→ **Your task**: Exact copies of the lines below, from the one with "Postel nebo postele" up to and including the one with "Image 9 of property", are what this calls for; leave out pictures.

→ **Information given**:
+++++

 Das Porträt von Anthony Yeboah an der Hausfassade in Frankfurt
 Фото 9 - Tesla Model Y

+++++

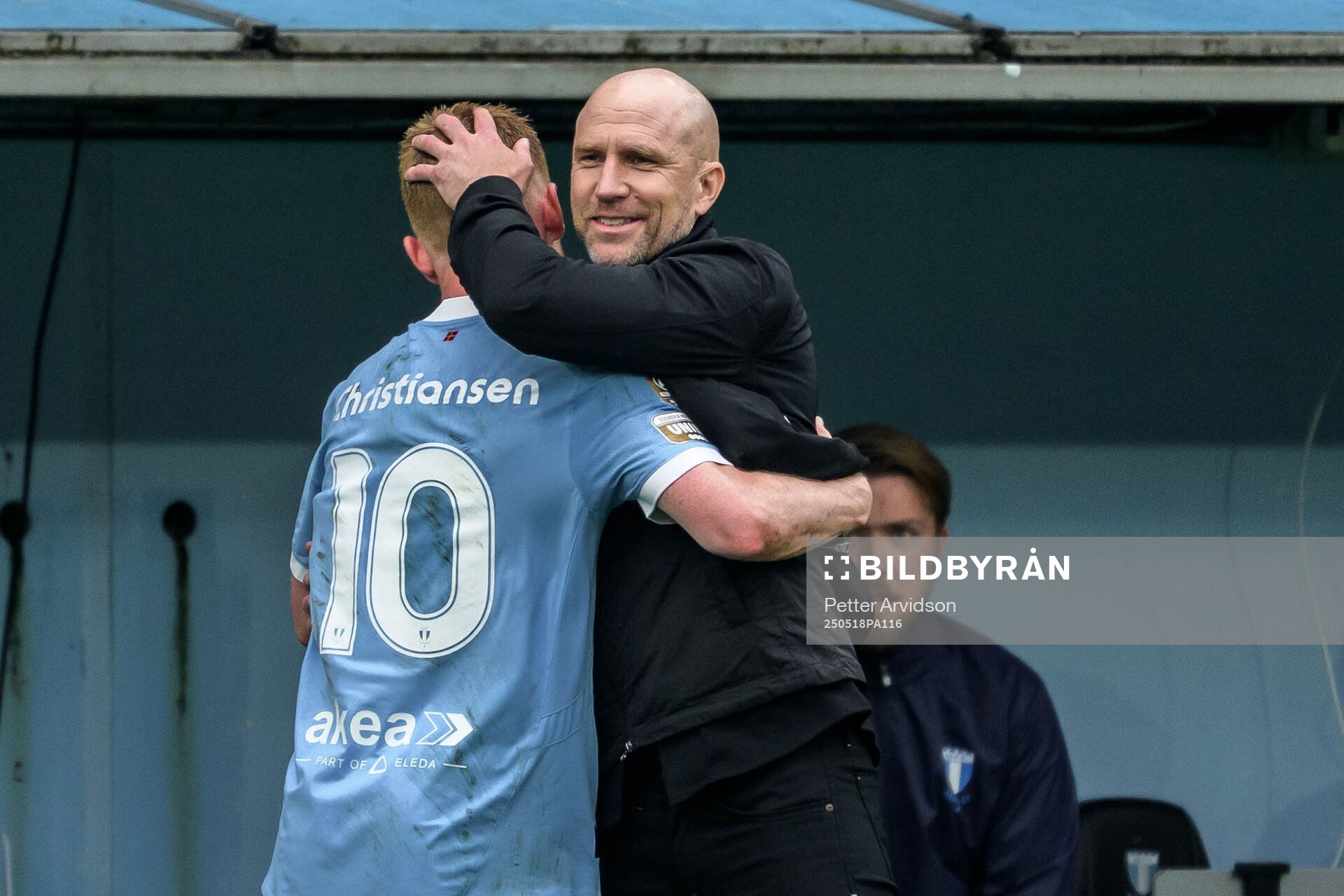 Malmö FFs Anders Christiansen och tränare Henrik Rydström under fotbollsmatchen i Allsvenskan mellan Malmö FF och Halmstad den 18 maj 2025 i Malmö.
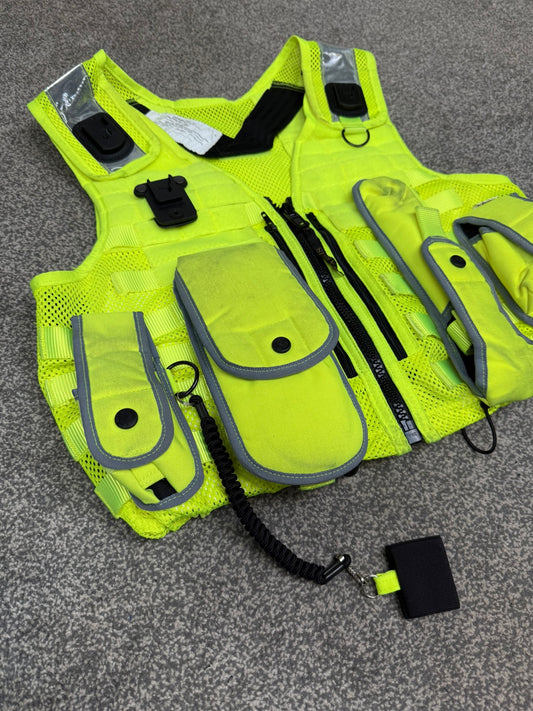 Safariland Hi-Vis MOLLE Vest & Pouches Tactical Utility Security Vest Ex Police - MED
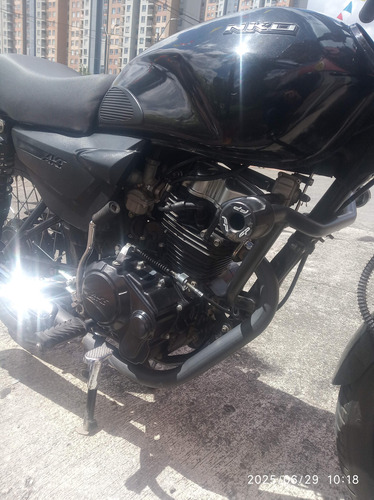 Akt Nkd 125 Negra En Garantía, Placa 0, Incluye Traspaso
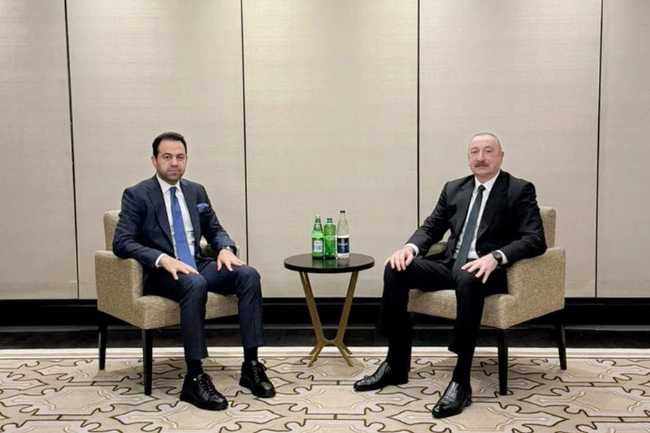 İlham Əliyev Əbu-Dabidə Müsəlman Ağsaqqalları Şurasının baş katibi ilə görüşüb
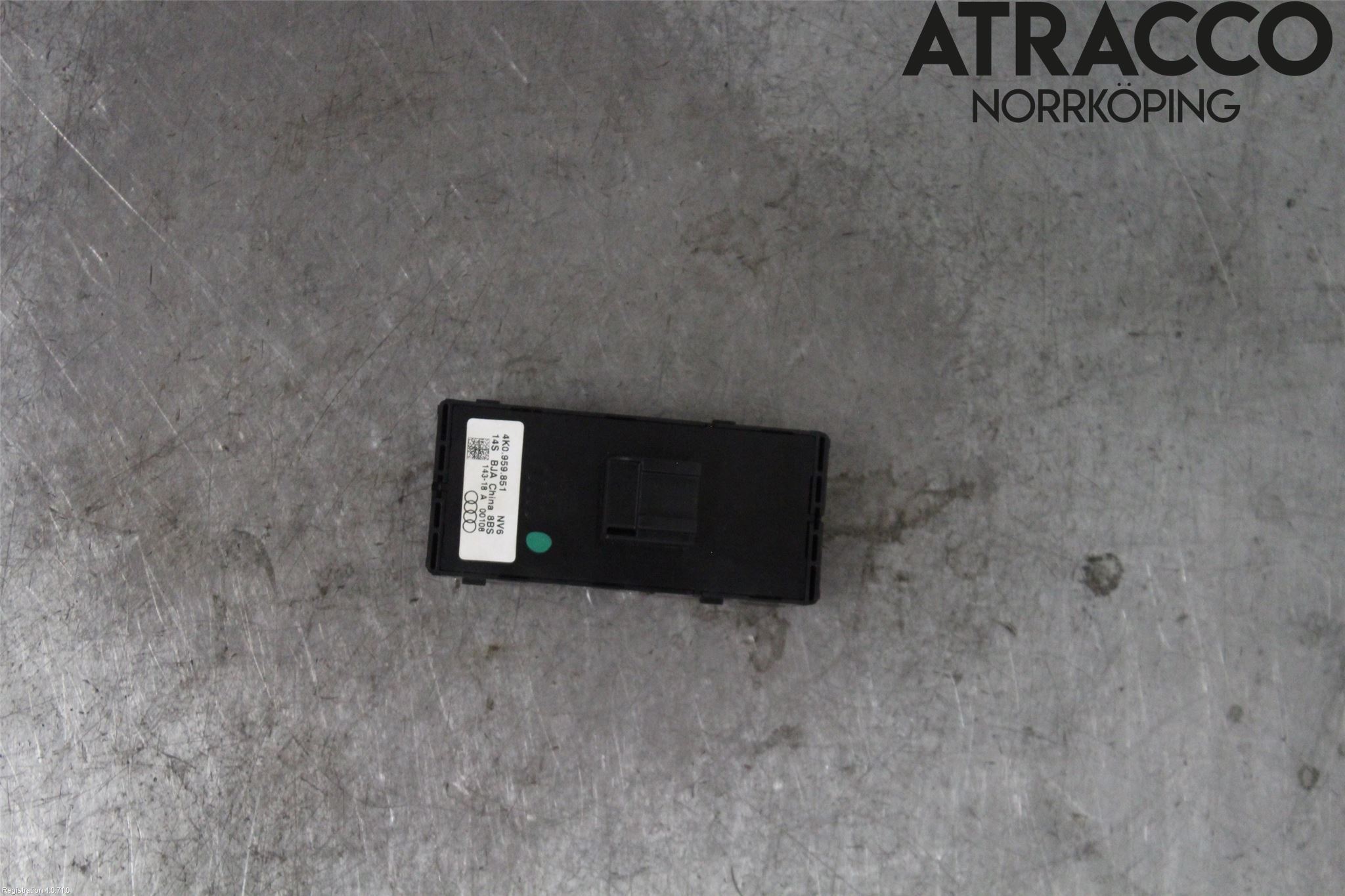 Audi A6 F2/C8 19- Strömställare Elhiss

+++++

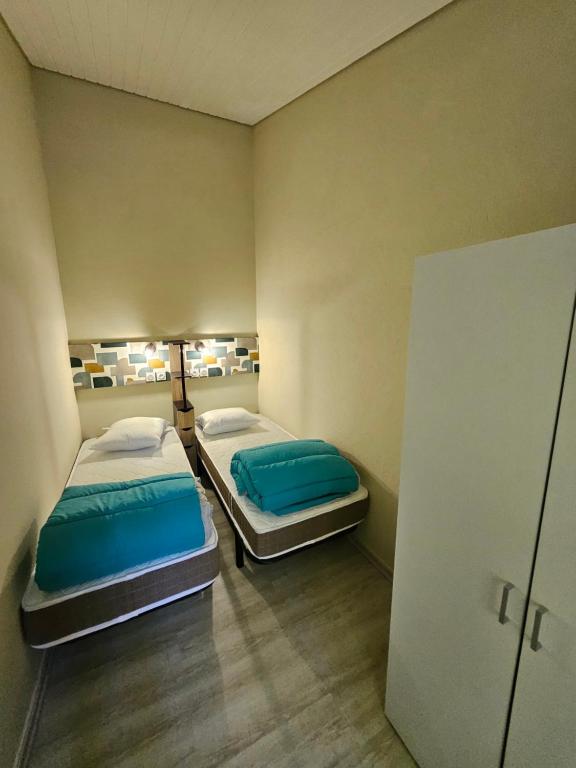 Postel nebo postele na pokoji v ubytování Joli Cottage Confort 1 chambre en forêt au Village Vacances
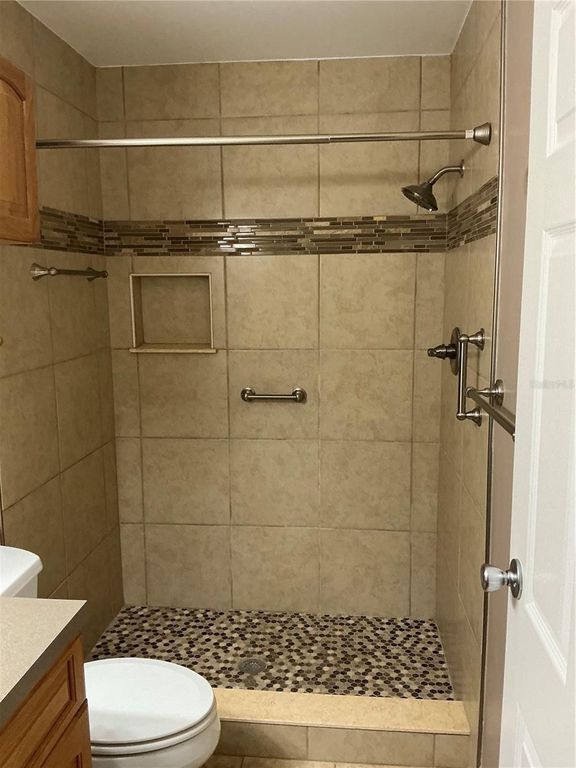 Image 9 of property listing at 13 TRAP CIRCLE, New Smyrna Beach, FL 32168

+++++

→ **Answer section**:
 Postel nebo postele na pokoji v ubytování Joli Cottage Confort 1 chambre en forêt au Village Vacances
 Image 9 of property listing at 13 TRAP CIRCLE, New Smyrna Beach, FL 32168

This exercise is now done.